Sunni coalition says militia-backed security forces kidnapped 50 people

Iraq's Uniters for Reform coalition, or Muttahidoon, a Sunni coalition led by Usama Al-Nujayfi, said on Monday that armed militias backed by security forces are active in the "Baghdad belt" where they have kidnapped 50 people in the Shakriya area near Yusufiya.

Member of Parliament Ahmed Al-Massari called on the general commander of the Iraqi armed forces to conduct an immediate investigation to find out the whereabouts of those kidnapped and to get to the bottom of this incident.

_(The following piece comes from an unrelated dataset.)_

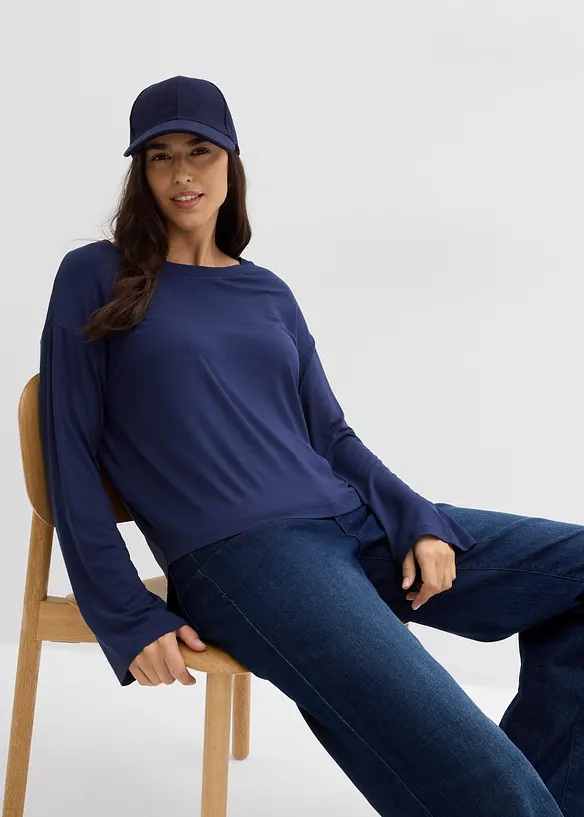 Oversize-Shirt aus fließendem Viskose-Elasthan-Mix, bonprix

Iraq's Uniters for Reform coalition, or Muttahidoon, a Sunni coalition led by Usama Al-Nujayfi, said on Monday that armed militias backed by security forces are active in the "Baghdad belt" where they have kidnapped 50 people in the Shakriya area near Yusufiya.
Member of Parliament Ahmed Al-Massari said, during a press conference at parliament along with a number of MPs, that the kidnapped belong to the Kartan and Al-Ezza tribes.
He revealed that they were kidnapped at a security checkpoint under the responsibility of Division 17, in cooperation with armed militias that he did not name.
The Iraqi MP pointed out that, as of yet, he does not know the fate of those kidnapped.
Al-Massari called on the general commander of the Iraqi armed forces to conduct an immediate investigation to find out the whereabouts of those kidnapped and to get to the bottom of this incident. He added that he is holding the security forces' leaders in the area responsible for protecting the lives of those kidnapped.
Anadolu news agency could not obtain an immediate statement from Iraqi security forces regarding the accusations made by MP Al-Massari.
The security belt surrounding Baghdad comprises three major areas that include a number of Sunni neighbourhoods and towns: Yusufiyah, Radwaniyah and Lutaifiya in the south; Abu Ghraib in the west; and Al-Taji in the north.
Tensions have swept across the northwest of Iraq since the Islamic State group (commonly known as ISIL or ISIS) and Sunni militants allied to it seized control of the northern governorate of Nineveh on 10 June after the Iraqi army's forces pulled out without any resistance, leaving behind large quantities of weapons and equipment.
The same scenario was repeated in cities in the governorate of Salah Al-Din and in Kirkuk and Diyala—in addition to Anbar's cities, which had fallen months earlier.
However, in the past few weeks, Iraqi forces, backed by militias allied to it as well as the Kurdish Peshmerga forces, have succeeded in expelling the Islamic State militants and regaining control of a number of cities and towns following violent battles.